What you need to do
Leave out the pictures and output exactly the lines below from the one with "Фото #3 товара" down to the one with "Szal z szyfonu", both of them included.

(Captioned web image data)

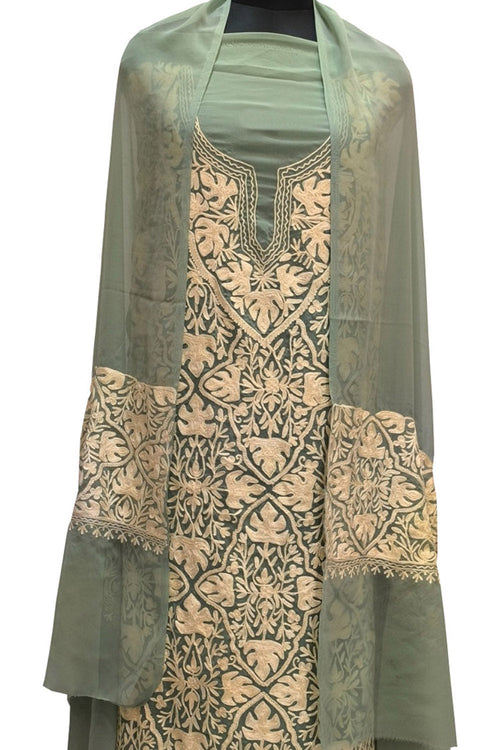 Elegant Green Kashmiri Aari Work Georgette Three Piece Unstitched Suit Set - Luxurion World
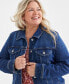 Фото #3 товара Plus Size Classic Denim Jacket, Created for Macy's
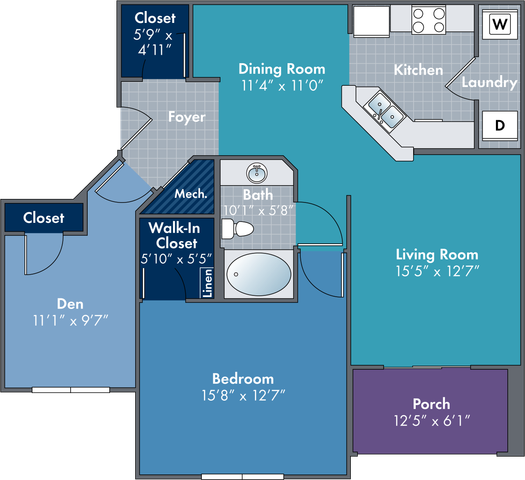 The Melodia Floor Plan at Abberly Village Apartments by HHHunt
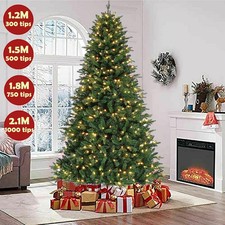 Spruce Realistic Artificial Holiday Christmas Tree with LED Lights  Metal Stand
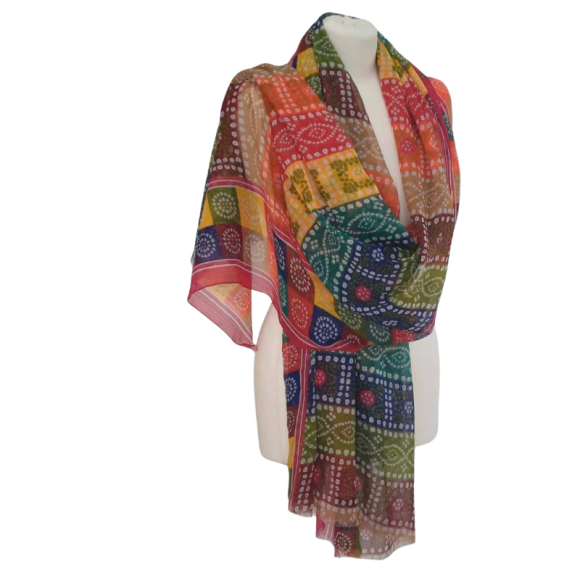 Szal z szyfonu jedwabnego, niezwykle cienki i zwiewny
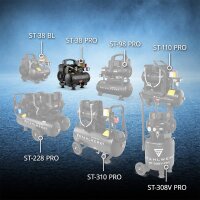 STAHLWERK Compressore ST-38 PRO completamente equipaggiato | 8 bar | 1,6 CV | 1,18 kW | 190 l/min | serbatoio da 3 L | senza olio | motore brushless | tubo da 5 metri | gonfiatore di pneumatici | distributore a 3 vie | pistola di soffiaggio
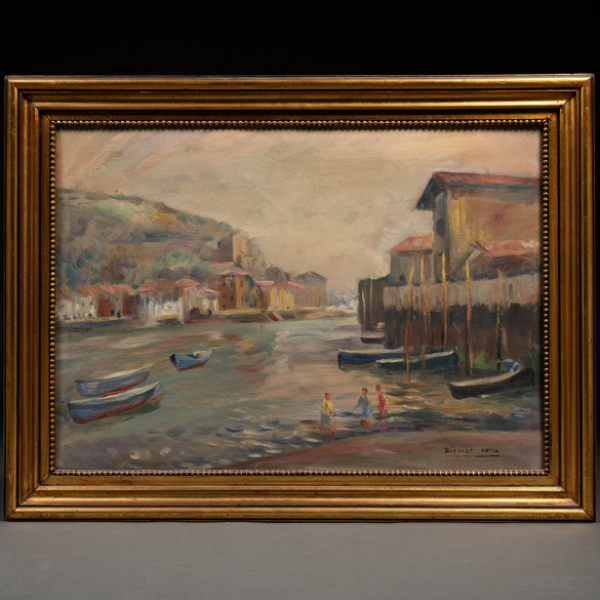 "Vista de Pasajes San Pedro"  BERNARDINO BIENABE ARTIA (Irún, 1899 - Navarra, 1987)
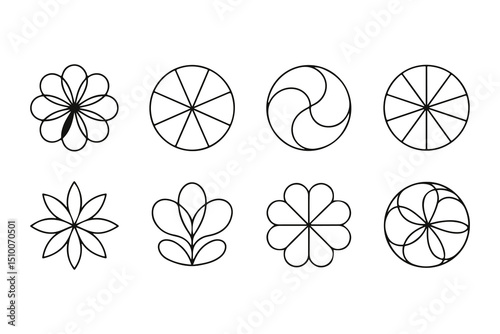 Eight unique black outlines are arranged symmetrically on a white transparent background creating varied linear forms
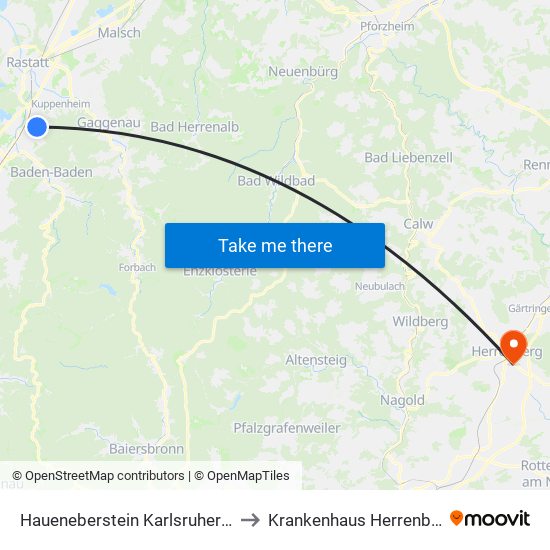 Haueneberstein Karlsruher Str. to Krankenhaus Herrenberg map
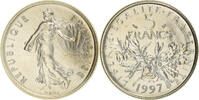 France 5 Francs Coin, Semeuse, Paris, Nickel Clad -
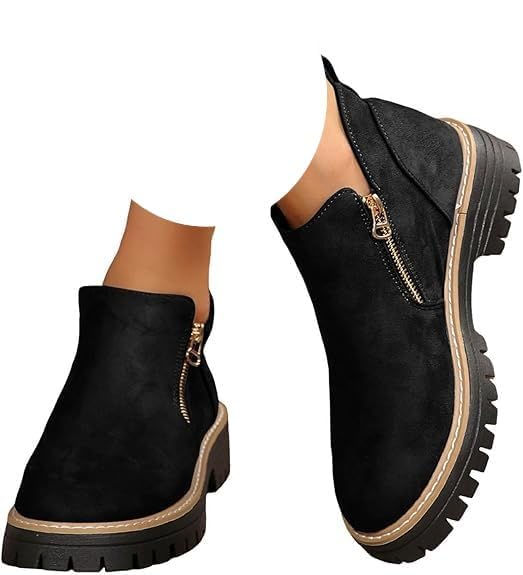 Ankle Boots for Women 2025 Low Heel Chunky Platform Heeled Short Booties Non Slip Outdoor Walking Shoes Fall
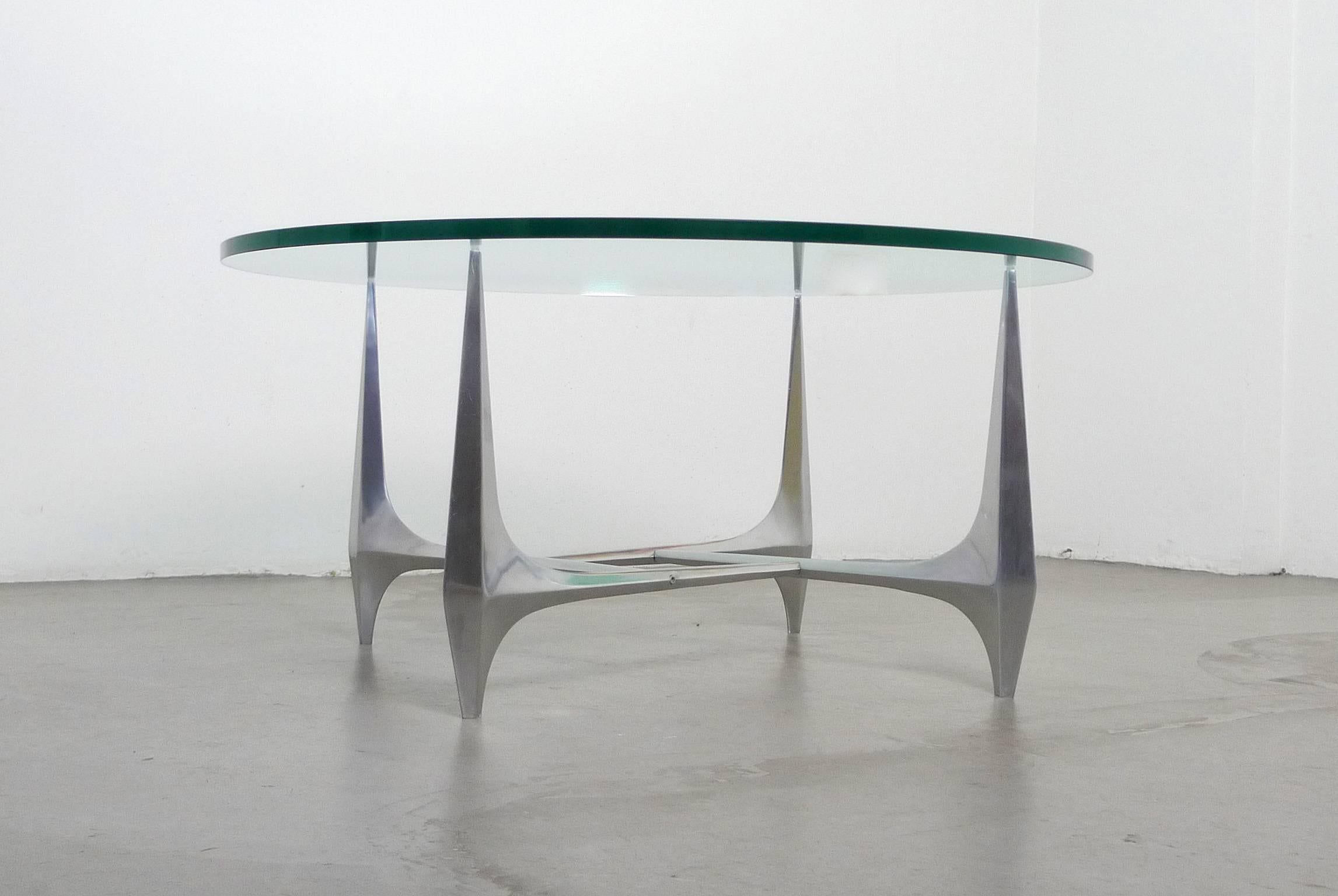 Polished Sculptural Coffee Table by Knut Hesterberg for Ronald Schmitt, Germany, 1960s For Sale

Output
 Фото #3 товара Plus Size Classic Denim Jacket, Created for Macy's
 The Melodia Floor Plan at Abberly Village Apartments by HHHunt
 Spruce Realistic Artificial Holiday Christmas Tree with LED Lights  Metal Stand
 Szal z szyfonu jedwabnego, niezwykle cienki i zwiewny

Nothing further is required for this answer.